◆ Listed entries:
★ ★ ★ ★ ★

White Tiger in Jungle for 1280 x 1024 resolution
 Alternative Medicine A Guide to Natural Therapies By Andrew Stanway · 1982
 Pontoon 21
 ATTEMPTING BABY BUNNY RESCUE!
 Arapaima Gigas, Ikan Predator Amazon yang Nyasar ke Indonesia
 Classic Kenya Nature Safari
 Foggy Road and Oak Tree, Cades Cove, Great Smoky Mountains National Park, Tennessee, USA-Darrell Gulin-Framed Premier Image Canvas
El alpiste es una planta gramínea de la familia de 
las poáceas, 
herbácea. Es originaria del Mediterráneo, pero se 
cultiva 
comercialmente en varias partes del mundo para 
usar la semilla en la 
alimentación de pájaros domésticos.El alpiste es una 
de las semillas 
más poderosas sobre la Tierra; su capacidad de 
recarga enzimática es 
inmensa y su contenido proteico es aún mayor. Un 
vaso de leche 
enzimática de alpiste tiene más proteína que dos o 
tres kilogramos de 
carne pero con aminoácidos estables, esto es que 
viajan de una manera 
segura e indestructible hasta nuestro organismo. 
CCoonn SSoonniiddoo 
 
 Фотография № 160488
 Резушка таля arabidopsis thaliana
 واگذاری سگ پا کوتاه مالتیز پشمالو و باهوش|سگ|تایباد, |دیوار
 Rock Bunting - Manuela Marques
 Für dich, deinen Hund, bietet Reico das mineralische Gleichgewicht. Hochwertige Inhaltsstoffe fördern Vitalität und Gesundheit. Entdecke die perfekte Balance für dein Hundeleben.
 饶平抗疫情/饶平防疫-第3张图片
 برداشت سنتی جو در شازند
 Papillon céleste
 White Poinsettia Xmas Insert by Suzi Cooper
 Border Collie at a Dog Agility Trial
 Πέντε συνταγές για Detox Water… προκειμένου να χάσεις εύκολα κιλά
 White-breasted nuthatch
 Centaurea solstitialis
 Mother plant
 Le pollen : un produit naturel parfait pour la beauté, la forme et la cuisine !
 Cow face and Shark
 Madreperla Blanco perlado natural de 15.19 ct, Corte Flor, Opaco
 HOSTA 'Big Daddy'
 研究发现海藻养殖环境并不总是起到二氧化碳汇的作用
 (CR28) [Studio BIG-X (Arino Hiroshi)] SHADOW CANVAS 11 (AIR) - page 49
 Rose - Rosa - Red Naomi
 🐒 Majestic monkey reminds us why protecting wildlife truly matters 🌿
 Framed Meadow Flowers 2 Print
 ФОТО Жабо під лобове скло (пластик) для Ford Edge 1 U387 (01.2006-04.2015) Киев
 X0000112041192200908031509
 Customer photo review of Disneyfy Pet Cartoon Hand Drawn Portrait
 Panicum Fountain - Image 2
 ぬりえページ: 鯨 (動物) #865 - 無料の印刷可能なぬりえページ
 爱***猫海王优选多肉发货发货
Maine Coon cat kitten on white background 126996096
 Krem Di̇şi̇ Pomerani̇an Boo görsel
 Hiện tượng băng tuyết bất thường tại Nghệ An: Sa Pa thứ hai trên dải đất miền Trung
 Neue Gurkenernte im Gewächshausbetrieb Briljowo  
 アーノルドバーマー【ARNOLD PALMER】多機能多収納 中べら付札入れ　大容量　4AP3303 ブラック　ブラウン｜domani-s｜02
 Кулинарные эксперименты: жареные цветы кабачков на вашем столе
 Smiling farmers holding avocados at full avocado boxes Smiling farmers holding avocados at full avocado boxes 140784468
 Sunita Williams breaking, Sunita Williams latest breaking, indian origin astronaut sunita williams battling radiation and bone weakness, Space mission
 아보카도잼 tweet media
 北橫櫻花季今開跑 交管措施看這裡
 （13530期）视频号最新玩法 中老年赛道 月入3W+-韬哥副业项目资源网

★ ★ ★ ★ ★

Your answer should be one number: how many lines of the listing include the word "Framed".

◆ Exercise answer: 2